Tropes relating to Cat Power:

  • Adam Westing: In this Funny or Die skit, she makes fun of her reputation for erratic live shows by showing her unable to even perform nursery rhymes for second-graders without interrupting herself.
  • The Cover Changes the Gender: Used in her version of "Satisfaction" from The Rolling Stones.
  • Cover Version: She performed many covers: there's at least one on each of her albums (okay, The Greatest has it as a Japanese bonus track, but it still counts). Many of them appeared on The Covers Record, Jukebox, and Dark End of the Street.
  • Cover Album: The Covers Record, Jukebox, and Dark End of the Street.
  • Executive Meddling: Attempted with Wanderer. Matador, Marshall's label since 1996, outright rejected the album, along with her recalling an incident where an executive suggested that the album sound like 25 by Adele. Marshall instead put the album through Domino unaltered, save for the addition of "Woman", a song generally regarded as a Take That! towards Matador.
    • Played straight with Sun. The more electronic sound of the album was at the behest of Matador Records, who wanted a more commercial album. The end result was her first album that charted in the Top 10.
  • Genre Shift: Early in her career, Marshall’s music was raw, stripped-down indie rock. It then moved to a mixture of blues, country, soul, and indie rock. Sun added electronica to the mix while downplaying the blues-country-soul part of her sound.
  • I Am the Band: Cat Power is Chan Marshall.
  • Important Haircut: She has cut her hair down to a pixie cut, as seen in the cover for Sun and has since bleached her hair blonde.
  • In the Blood: Marshall’s father, Charlie, is a blues musician and an itinerant pianist.
  • Isn't It Ironic?: The AV Club had something to say about her cover of Cat Stevens' "How Can I Tell You" being used in a commercial:
    There's no space here to get into the morality of diamond-buying in general —- there are plenty of books on the subject, as well as that Leo DiCaprio movie —- but it's the pairing of Cat Stevens' poignant "How Can I Tell You" (sung in the commercial by Cat Power!) with a goopy diamond commercial that ups the ick factor. A song of longing and searching for the right words to express emotion is given this simple answer: "Don't describe your feelings, let these shiny rocks do that."
  • New Sound Album: While the blues-country-soul-indie rock sound was hinted at in previous albums, The Greatest fully exemplified this sound. Sun is another example, as seen above.
  • One-Woman Wail: Marshall often wailed in her early music.
  • Sampling:
    • "American Flag", from Moon Pix, samples the reversed drum machine from Beastie Boys' "Paul Revere". According to the album's engineer, she showed up with a copy of Licensed to Ill and asked for a sample of the reversed beat.
    • Also, if WhoSampled is right, "Schizophrenia's Weighted Me Down", from the "Nude as the News" single, uses (rather apt) samples from Sonic Youth's "Schizophrenia" and Skip Spence's "Weighted Down (The Prison Song)".
  • Shout-Out:
    • Marshall mentions the names of Patti Smith's children (Jackson and Jesse) in "Nude as the News".
    • The cover of You Are Free imitates the one for Galaxie 500's Today.
    • "Metal Heart" references "Amazing Grace".

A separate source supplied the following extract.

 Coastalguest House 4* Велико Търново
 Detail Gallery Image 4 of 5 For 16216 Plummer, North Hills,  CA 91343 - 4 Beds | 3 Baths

    • "I Don't Blame You" is about the suicide of Kurt Cobain.
  • Softer and Slower Cover: Her breakthrough early recording was a cover of "(I Can't Get No) Satisfaction" that didn't merely slow it down to graveyard pace, but left out the iconic riff.
  • Soprano and Gravel: Well, when you get Eddie Vedder to add additional vocals to two of your songs...
  • Three Chords and the Truth: Her early music was sometimes this.